Sous l’angle de la pratique, nous pourrions subdiviser l’histoire de la tradition grégorienne en cinq étapes principales, lesquelles ne recoupent pas celles que nous distinguerons plus loin (§ 97-136) sous l’angle historique:

L’âge d’or grégorien (VIe – XIe siècle, § 107-118) : Le grégorien authentique, la source de sa tradition, le « vieux fonds» (§ 17) fixé après la gestation obscure des premiers siècles. Son style, son «image sonore» est celle que cherchent à retrouver actuellement les «nouveaux grégorianistes» (§ 135, 136).

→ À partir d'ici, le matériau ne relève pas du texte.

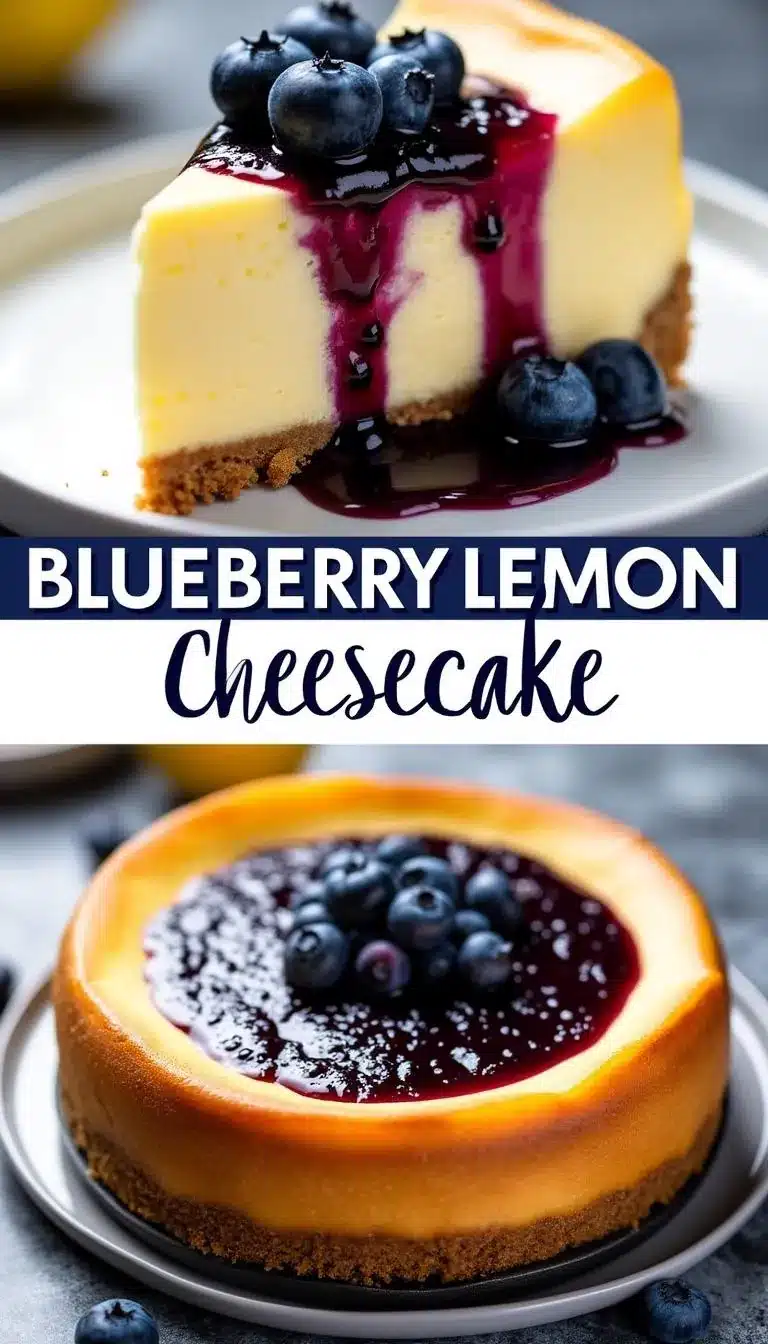Pinterest pin for blueberry lemon cheesecake
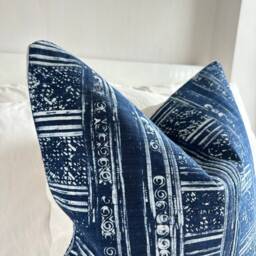 "Handmade Hmong Block Print Pillow Cover Indigo Cotton Cushion - 20"" X 20" - thumbnail 2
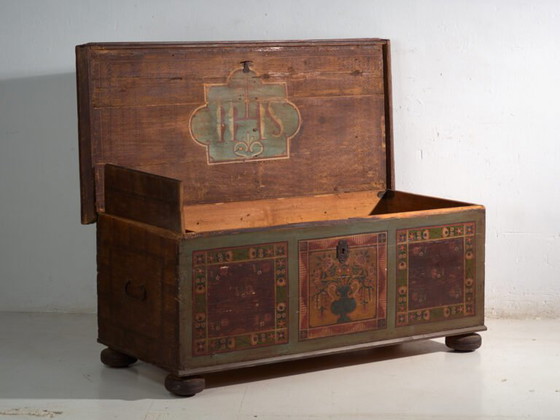 Coffre de dot polychrome ancien en pin – Europe Centrale, circa 1850 – Armoires de rangement, Iron (photo 27 of 40)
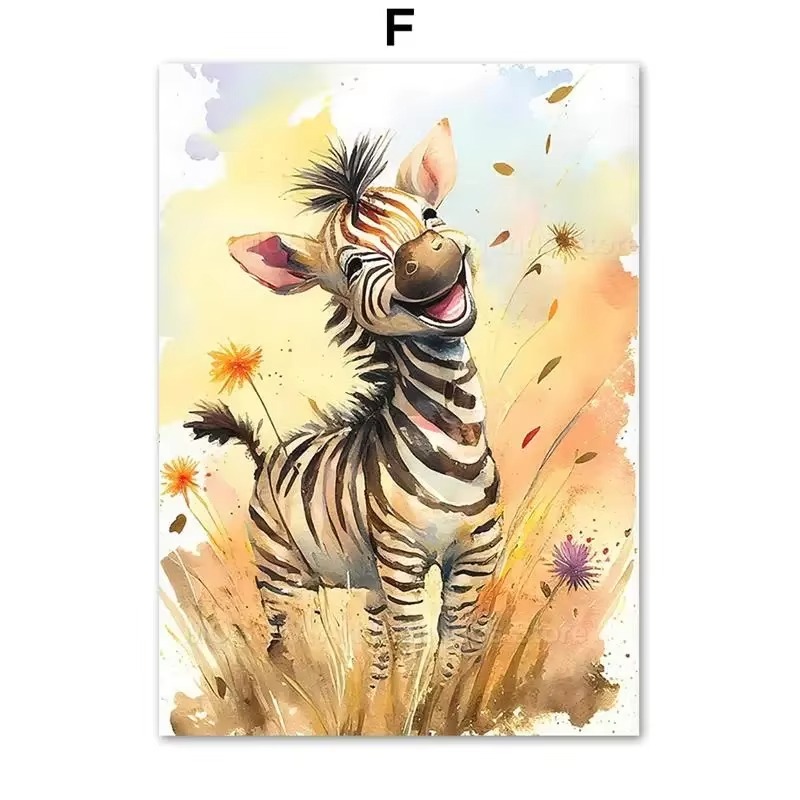 Baby Nursery Giraffe - Aquarel Leeuw Giraffe Tijger Olifant Zebra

La réforme cistercienne (XIe – XIIe siècles, § 120) : Les informations que nous avons à son sujet ne concernent pas le rythme. Cependant on imagine – vu l’esprit général de sobriété et d’austérité prôné par les cisterciens – un style de chant simplifié, ralenti, tendant à l’égalité rythmique des notes (§ 62, 71).

Le «plain-chant» (XIIIe – XIXe siècles, § 66-74; Ai25) : Accentuation de la tendance égalisatrice, ralentissement, alourdissement et uniformisation du rythme chanté (§ 69). Au XIIIe siècle toutefois, Jean de Grouchy (§ 68) paraît témoigner d’une rythmique encore relativement souple.

Le grégorien de Solesmes («restauration », XIXe – XXe siècles, § 127): Exécution plus fluide, mais toujours égalisée rythmiquement (« équalisme », § 29 ; « sémiologie» de Dom Eugène Cardine et son école, cherchant à assouplir l’égalitarisme; § 25).

Le «nouveau grégorien» (fin du XXe siècle, § 135, 136) : Recherche de la tradition grégorienne dans son état originel à la faveur d’une approche élargie, ouverte sur d’autres traditions musicales, orales (comparatisme, synchronie; § 50). Démarche musicale et musicologique (exécutions en concerts, enregistrements discographiques), en dehors de la liturgie qui demeure, elle, fidèle au style solesmien.